Les coupes budgétaires dans le secteur de l’enfance sont irréalisables en raison des besoins. Cela revient donc à répercuter les coûts sur les communes ou les parents, autres principaux contributeurs au financement. Or, une place en crèche est déjà aujourd’hui hors de prix pour de nombreuses familles dans notre canton.
Pour le SSP, l’accueil de jour des enfants devrait être un service public à part entière, comme l’école; gratuit pour les parents, financé collectivement via l’impôt, accessible sur tout le territoire que l’on habite en ville ou à la campagne - et avec du personnel en suffisance, bien formé et intégré dans la fonction publique

SOCIAL. Le secteur social souffre depuis des années d’un manque de moyens et d’une grave pénurie de personnel, conséquences directes des politiques d’austérité menées dans ce secteur pendant des décennies. Aujourd’hui, alors que la situation est critique, le Conseil d’État impose un délai de rattrapage salarial trop long (5 ans contre les 3 ans préconisés par le terrain dans le cadre des Assises en 2023), mettant en péril les objectifs urgents nécessaires pour stabiliser le secteur. Les plus vulnérables – enfants, familles et adultes en difficulté – continueront d’en payer le prix.
Par ailleurs, les coupes dans les subsides aux primes maladie et dans les allocations par enfant frappent directement des familles déjà asphyxiées par la hausse des primes.

COMMUNES. En reportant la charge financière des coupes sur les communes dont certaines présentent déjà une dette – le Conseil d’État met en péril les prestations sociales et culturelles de proximité : accueil de l’enfance, écoles, infrastructures culturelles et sportives, soutien aux aîné·es.
Ces pertes de financement frapperont aussi le personnel des administrations communales, déjà très sollicité. Elles se traduiront par une augmentation de la charge de travail et une menace sur les postes, au détriment de la qualité des services rendus à la population.

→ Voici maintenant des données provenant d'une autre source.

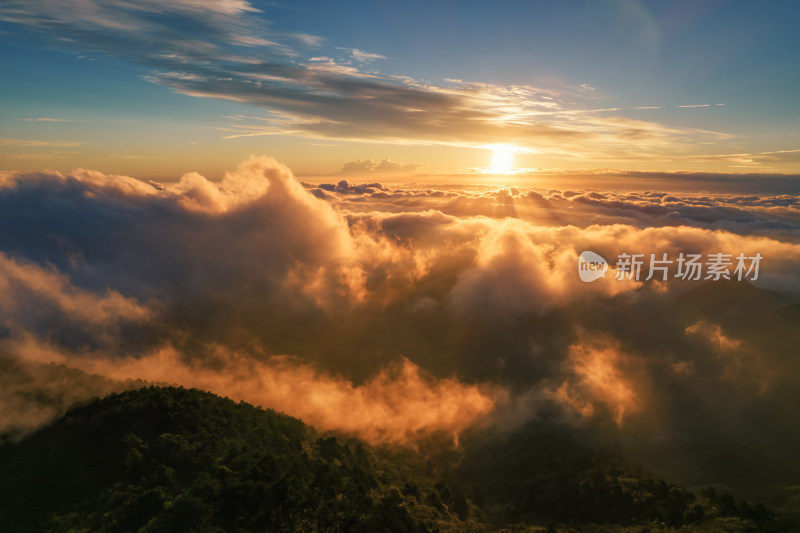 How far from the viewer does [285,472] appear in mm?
105250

EVAM. Les coupes budgétaires annoncées frapperont de plein fouet l’EVAM et le secteur de la migration, déjà confrontés à des moyens insuffisants face à l’augmentation des besoins.
En s’attaquant à ce dispositif, le Conseil d’État prend le risque d’affaiblir la qualité de l’accueil et de l’accompagnement des personnes migrantes et réfugiées, souvent en situation de grande vulnérabilité. Ces mesures sont une double injustice : elles visent des personnes déjà précarisées et elles accroissent la pression sur le personnel, qui devra absorber des charges supplémentaires avec moins de moyens. La Direction de l’EVAM a, dans la ligne droite de ces annonces, déjà annoncé la suppression de plusieurs dizaines de postes de travail. Au lieu d’investir pour garantir un accompagnement digne et une intégration réussie, le gouvernement choisit d’alimenter les inégalités et de fragiliser encore la cohésion sociale.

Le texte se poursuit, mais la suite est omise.